▶ [WHAT IS BEING ASKED]:
Make an exact transcript of the lines in the data below, starting with the one containing "HONDA CITY DX 1.5 16V FLEX MEC. 2013" and going on through the one containing "Sour Patch Kids", with both included and the pictures left out.

▶ [RAW DATA]:
________________________________________

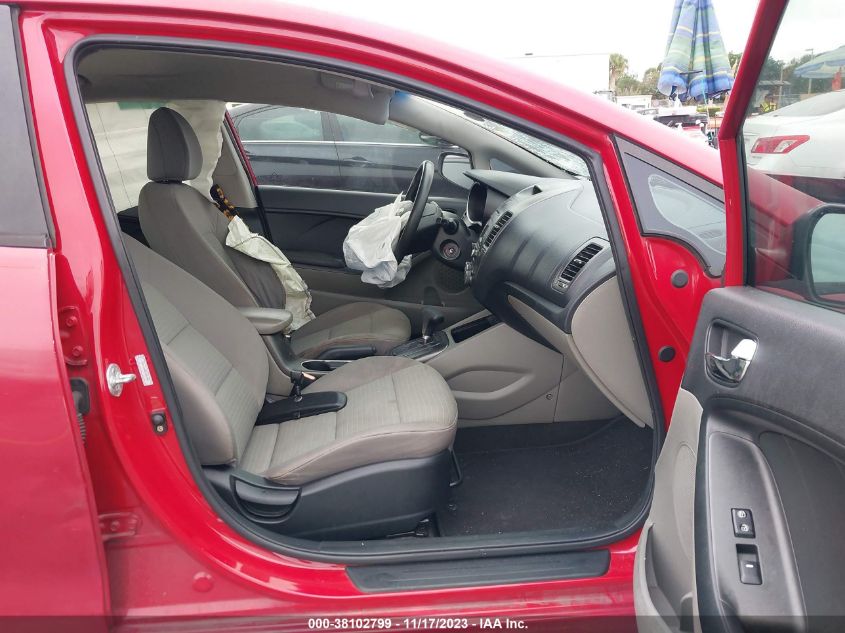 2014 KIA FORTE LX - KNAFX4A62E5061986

________________________________________

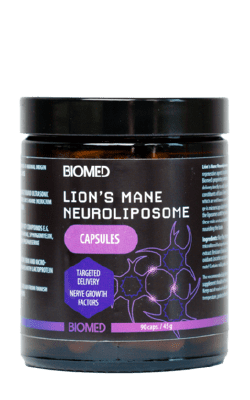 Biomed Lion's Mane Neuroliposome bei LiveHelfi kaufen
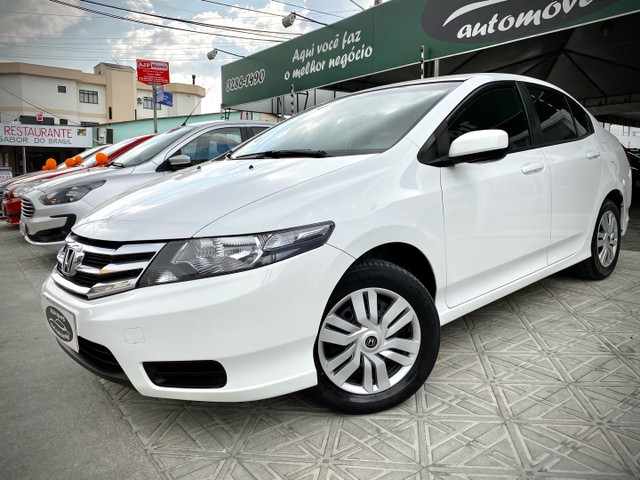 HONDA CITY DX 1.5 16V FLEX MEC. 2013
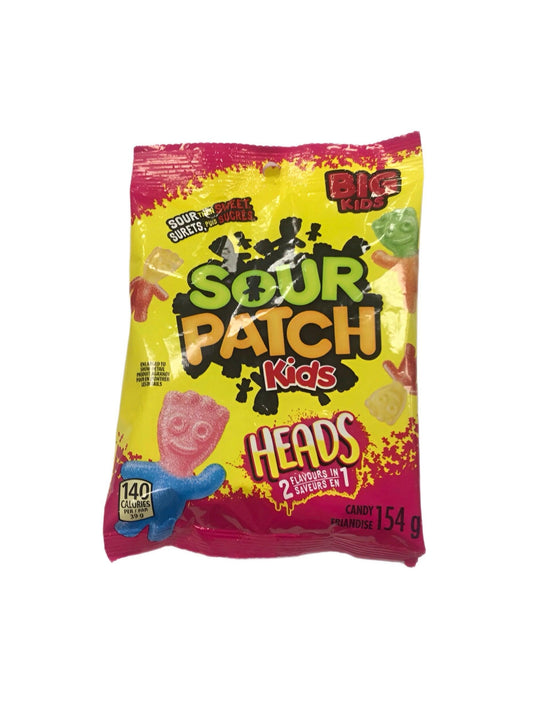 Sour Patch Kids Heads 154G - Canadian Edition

________________________________________

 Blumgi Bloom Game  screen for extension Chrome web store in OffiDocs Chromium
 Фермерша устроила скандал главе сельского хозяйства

________________________________________

▶ [TASK RESPONSE]:
 HONDA CITY DX 1.5 16V FLEX MEC. 2013
 Sour Patch Kids Heads 154G - Canadian Edition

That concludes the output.